Advisors should be aware of the new Federal Long Term Care Insurance Program (FLTCIP), because the eligibility list is wide: federal employees, members of the armed forces, and many dependents. This is a pool of some 20 million people, according to the government Office of Personnel Management (OPM). Insurance companies are excited; it may stimulate long-term care plan sales to other employers and educate much of the population about LTC insurance in general.
Long Term Care Partners LLC, a joint venture of John Hancock Financial Services Inc. and Metropolitan Life Insurance Co., was formed to handle the program and will administer it for the first seven years, as specified on OPM’s Web site (www.opm.gov/insure/ltc/faq/contract.htm).
Though employer-sponsored, FLTCIP is more comparable to a private policy. It offers benefits usually found in private plans, such as informal home care (75% of daily benefit; some policies do offer 100%), international coverage at 80% (few offer it at all), the option to switch from additional purchase protection to inflation protection, unlimited lifetime benefit, and no waiting period for hospice care or caregiver training.
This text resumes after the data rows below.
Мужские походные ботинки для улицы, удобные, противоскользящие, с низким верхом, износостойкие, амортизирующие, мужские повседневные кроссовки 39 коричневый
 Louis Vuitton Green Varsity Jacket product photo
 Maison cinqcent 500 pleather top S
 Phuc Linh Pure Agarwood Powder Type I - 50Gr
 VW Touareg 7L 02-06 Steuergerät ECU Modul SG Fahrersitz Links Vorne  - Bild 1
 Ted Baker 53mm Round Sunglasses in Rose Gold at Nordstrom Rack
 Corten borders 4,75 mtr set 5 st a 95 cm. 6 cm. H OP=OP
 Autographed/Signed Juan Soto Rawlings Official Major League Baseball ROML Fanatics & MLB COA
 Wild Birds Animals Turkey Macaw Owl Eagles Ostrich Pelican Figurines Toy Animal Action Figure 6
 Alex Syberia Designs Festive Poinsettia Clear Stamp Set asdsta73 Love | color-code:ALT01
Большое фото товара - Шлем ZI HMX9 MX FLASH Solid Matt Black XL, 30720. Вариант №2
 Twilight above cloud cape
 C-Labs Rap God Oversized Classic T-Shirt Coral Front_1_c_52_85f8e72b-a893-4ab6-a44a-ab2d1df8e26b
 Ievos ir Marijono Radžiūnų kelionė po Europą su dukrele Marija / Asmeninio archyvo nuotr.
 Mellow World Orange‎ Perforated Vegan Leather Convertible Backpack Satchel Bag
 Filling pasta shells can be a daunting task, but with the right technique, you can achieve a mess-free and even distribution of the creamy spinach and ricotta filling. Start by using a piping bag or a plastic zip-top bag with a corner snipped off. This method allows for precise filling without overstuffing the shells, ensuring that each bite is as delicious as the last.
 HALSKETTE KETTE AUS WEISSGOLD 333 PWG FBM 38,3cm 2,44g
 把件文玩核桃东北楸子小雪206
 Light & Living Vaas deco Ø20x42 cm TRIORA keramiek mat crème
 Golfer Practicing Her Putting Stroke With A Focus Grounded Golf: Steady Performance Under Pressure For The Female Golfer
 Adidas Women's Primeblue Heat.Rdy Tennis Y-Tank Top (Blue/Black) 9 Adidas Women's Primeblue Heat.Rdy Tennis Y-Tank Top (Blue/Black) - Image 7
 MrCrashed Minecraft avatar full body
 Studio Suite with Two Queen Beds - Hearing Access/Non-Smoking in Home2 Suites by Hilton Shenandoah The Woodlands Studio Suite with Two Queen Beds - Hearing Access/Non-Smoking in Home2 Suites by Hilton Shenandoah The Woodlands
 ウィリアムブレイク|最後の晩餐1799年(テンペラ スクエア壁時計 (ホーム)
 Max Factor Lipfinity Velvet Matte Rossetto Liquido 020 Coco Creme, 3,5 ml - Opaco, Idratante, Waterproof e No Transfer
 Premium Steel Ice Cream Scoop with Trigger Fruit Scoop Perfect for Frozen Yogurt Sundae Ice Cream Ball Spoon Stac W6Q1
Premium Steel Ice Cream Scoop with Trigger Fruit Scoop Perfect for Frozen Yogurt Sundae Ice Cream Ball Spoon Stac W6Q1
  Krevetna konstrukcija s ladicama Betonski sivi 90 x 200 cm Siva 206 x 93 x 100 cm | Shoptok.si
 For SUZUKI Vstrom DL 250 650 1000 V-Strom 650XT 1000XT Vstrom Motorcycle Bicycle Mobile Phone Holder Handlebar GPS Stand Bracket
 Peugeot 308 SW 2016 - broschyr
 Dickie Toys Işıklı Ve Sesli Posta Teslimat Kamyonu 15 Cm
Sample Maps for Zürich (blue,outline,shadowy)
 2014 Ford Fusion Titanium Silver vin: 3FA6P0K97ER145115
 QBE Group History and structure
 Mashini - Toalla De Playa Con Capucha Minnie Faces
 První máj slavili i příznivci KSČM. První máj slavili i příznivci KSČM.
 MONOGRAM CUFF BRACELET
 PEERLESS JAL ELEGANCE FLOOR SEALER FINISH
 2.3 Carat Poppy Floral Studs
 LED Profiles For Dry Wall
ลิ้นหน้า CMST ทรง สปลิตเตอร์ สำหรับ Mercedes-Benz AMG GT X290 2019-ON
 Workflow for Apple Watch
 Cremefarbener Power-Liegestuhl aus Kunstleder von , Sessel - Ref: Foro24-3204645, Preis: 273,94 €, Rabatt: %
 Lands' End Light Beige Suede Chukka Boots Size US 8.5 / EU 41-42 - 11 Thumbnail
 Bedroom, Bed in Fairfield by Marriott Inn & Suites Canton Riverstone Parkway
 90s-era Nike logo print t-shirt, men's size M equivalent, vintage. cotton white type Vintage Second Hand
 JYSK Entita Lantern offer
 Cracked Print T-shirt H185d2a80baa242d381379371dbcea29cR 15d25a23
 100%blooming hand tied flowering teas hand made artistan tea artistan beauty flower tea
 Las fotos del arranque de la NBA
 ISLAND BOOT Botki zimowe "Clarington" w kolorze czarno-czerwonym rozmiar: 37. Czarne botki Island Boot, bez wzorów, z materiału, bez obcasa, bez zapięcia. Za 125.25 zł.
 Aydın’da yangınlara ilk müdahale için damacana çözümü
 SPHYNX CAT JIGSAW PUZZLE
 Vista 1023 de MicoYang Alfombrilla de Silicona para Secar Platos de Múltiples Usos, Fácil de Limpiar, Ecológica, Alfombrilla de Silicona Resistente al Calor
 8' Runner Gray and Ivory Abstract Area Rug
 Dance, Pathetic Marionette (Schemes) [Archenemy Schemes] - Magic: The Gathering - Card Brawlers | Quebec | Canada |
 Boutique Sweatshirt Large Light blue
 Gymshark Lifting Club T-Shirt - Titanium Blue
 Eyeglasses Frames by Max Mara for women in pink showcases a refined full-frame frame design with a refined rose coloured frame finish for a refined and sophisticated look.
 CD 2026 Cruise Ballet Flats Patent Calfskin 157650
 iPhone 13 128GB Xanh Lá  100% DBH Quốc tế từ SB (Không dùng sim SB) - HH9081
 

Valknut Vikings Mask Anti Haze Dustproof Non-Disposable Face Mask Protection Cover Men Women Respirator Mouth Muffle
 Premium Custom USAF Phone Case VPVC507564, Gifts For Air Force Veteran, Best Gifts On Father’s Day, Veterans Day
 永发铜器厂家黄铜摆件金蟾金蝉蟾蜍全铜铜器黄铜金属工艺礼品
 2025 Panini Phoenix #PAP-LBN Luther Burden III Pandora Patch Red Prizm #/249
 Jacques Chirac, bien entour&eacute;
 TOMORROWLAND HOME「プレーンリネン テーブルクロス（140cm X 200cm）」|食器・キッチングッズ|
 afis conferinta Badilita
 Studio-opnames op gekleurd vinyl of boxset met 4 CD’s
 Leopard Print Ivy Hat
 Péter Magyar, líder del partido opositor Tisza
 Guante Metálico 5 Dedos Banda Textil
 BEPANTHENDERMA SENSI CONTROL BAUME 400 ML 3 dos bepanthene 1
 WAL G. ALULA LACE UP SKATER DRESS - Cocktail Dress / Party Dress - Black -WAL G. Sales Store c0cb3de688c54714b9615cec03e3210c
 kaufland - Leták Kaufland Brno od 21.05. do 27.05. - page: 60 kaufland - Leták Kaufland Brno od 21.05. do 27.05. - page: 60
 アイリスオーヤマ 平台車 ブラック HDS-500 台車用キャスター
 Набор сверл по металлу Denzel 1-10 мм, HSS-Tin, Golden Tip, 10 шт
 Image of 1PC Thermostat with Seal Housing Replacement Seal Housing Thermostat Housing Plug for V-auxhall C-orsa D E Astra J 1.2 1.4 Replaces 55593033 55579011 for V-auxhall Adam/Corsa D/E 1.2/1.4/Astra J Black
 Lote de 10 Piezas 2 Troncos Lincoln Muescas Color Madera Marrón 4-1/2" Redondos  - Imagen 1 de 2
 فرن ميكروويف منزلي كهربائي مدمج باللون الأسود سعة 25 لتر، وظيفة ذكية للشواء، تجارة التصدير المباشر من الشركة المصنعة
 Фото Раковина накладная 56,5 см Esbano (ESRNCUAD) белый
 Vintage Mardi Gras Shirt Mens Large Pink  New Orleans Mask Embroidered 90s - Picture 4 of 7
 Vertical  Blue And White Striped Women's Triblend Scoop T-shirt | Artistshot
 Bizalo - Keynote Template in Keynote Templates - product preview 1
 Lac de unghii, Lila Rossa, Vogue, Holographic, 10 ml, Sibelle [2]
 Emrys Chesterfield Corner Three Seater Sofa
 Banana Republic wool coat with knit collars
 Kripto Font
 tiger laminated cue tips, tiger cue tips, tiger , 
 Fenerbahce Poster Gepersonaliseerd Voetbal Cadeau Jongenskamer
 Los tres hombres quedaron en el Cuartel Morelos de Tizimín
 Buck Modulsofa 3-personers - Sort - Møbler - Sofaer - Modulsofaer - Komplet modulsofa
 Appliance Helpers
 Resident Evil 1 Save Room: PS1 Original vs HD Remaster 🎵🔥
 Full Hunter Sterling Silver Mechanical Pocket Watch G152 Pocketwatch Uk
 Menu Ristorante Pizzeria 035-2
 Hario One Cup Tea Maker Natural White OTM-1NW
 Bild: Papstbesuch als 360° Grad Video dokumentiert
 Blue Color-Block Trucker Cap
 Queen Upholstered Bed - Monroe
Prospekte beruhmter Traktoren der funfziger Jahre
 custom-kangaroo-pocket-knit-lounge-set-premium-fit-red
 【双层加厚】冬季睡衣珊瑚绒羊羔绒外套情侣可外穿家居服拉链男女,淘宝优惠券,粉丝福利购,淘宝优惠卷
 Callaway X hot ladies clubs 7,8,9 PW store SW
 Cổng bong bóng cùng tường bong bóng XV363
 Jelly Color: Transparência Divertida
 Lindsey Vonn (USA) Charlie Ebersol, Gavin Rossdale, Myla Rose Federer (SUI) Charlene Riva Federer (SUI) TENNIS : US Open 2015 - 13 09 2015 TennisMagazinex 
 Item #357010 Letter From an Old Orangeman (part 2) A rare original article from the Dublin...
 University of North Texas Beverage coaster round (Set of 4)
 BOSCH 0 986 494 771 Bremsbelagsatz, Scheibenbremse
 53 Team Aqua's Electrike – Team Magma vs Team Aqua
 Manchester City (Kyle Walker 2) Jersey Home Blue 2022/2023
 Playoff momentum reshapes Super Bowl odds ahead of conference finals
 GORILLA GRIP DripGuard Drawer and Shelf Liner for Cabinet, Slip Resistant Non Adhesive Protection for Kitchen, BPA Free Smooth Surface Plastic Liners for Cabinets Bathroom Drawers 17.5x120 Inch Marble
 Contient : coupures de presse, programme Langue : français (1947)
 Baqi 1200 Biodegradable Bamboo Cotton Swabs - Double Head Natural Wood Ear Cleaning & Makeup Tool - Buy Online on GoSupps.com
It is also tax-qualified.
Some things it does not offer. Says Paul Forte, second VP at John Hancock’s Group Insurance Division, and CEO of LTC Partners, “Some companies offer preferred rates for people in super health, and discounts to married people. It was OPM’s belief that it was more equitable to rate the policy for a diverse group [and] not to do that.” OPM’s goal, says Forte, was for the policy to cost about 15% below an individual policy. He concedes that married, healthy consumers might do better. “On average, we think this is very competitive.”
Not necessarily, says Robert Davis, president of Long Term Care Quote Inc. in Chandler, Arizona (www.ltcq.net). “The best advice,” he says, “is don’t just take the federal program without comparison shopping.” He says that the marital discount and good health discount can be pretty costly. But there’s no cap on issue age on the high end (low end must be at least 18), says Davis. For other standard features, he says, the federal program “stacks up very well.”
John Ryan, an independent insurance broker, mentions two other caveats. FLTCIP has a mandatory care coordinator, an insurance company employee. This could be an advantage, he says, because “they [care coordinators] deal with claimants every day, and can negotiate discounts with providers so that the claimant’s benefits last longer; they’re not using them up as fast.” But someone working for the insurance company may not be objective.
Then there’s the catastrophic coverage limitation: “If a catastrophic event occurs, an event or series of events affecting a significant number of enrollees, that threatens to undermine the financial stability of the program, benefits received could be reduced.”